[Short descriptive text snippets]
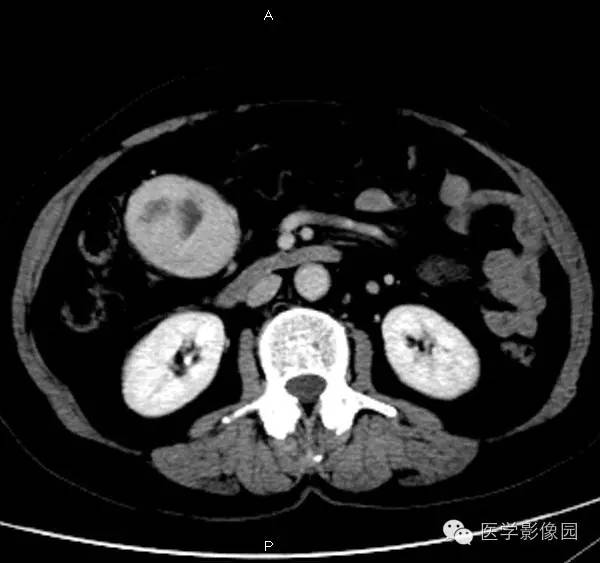 【病例】巨淋巴结增生症1例CT影像表现 【病例】巨淋巴结增生症1例CT影像表现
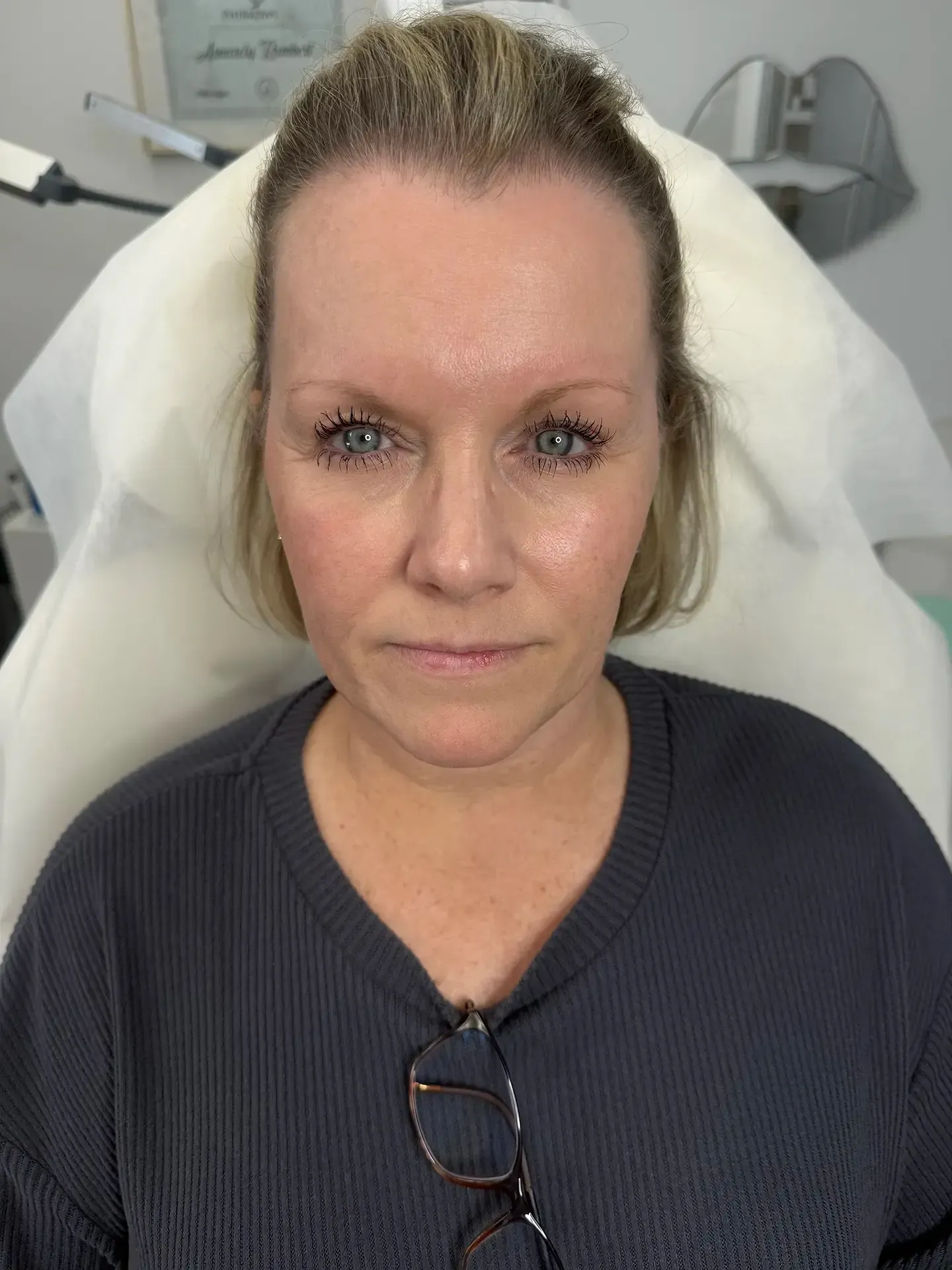 Woman with light skin, wearing a gray sweater, sitting in a medical chair, with short blonde hair, and glasses on her chest.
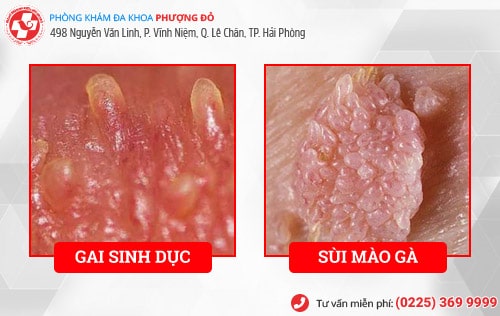 Đốt gai sinh dục bao nhiêu tiền? Đốt ở đâu giá rẻ, an toàn?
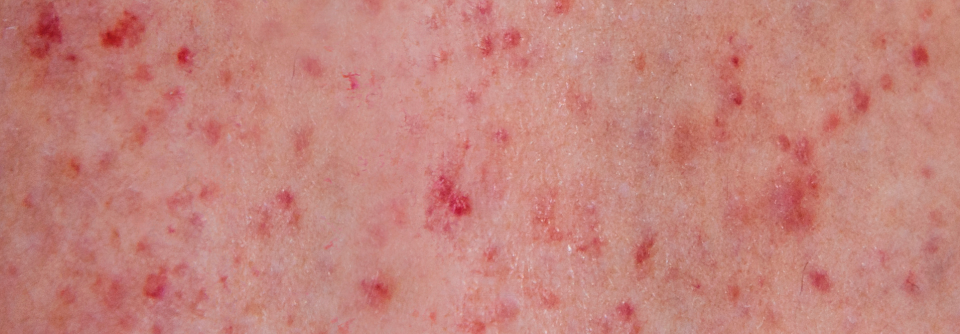 Punktförmige Hautblutungen (Petechien) sprechen für eine thrombozytäre Störung.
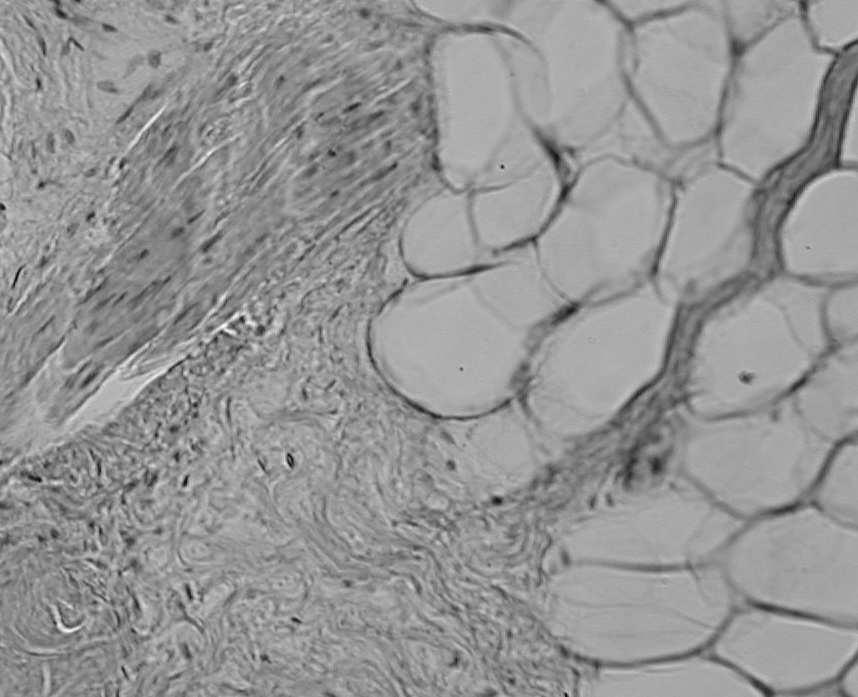 mechanoreceptory 2.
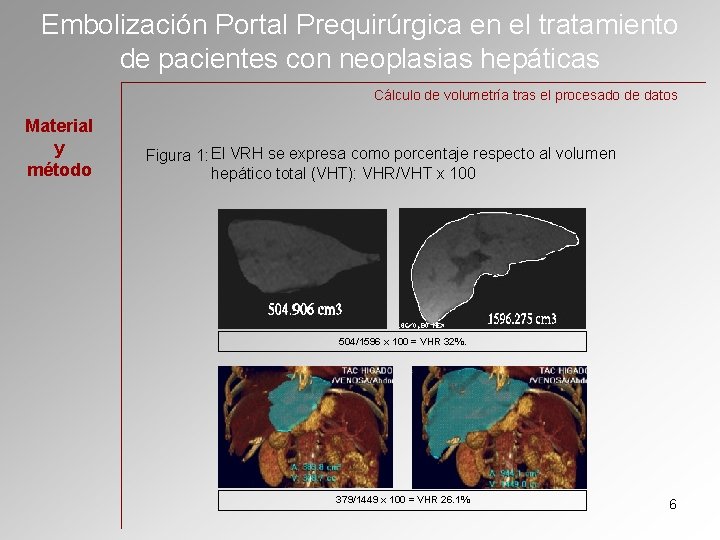 Embolización Portal Prequirúrgica en el tratamiento de pacientes con neoplasias hepáticas Cálculo de volumetría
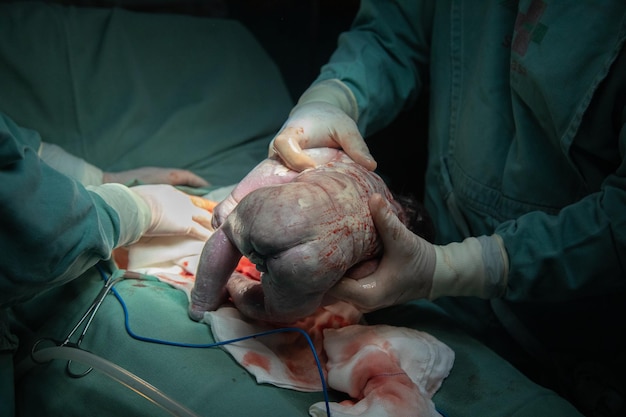 Foto keizersnede bevallingsprocedure in het ziekenhuis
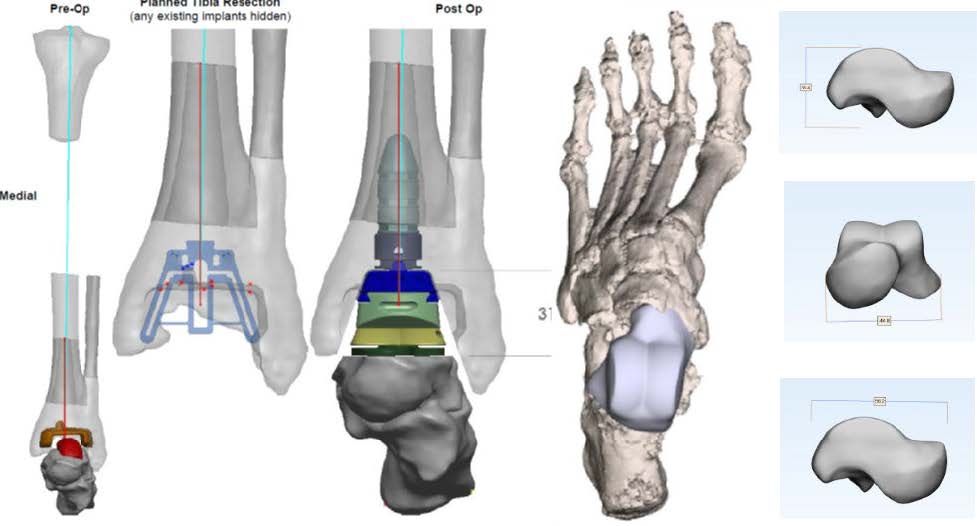 Wright Medical Prophecy Invision tibial plan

How to complete this task
Pictures stay out; reproduce exactly the lines from the one containing "Foto keizersnede bevallingsprocedure" through the end of the data.

Problem solution
 Foto keizersnede bevallingsprocedure in het ziekenhuis
 Wright Medical Prophecy Invision tibial plan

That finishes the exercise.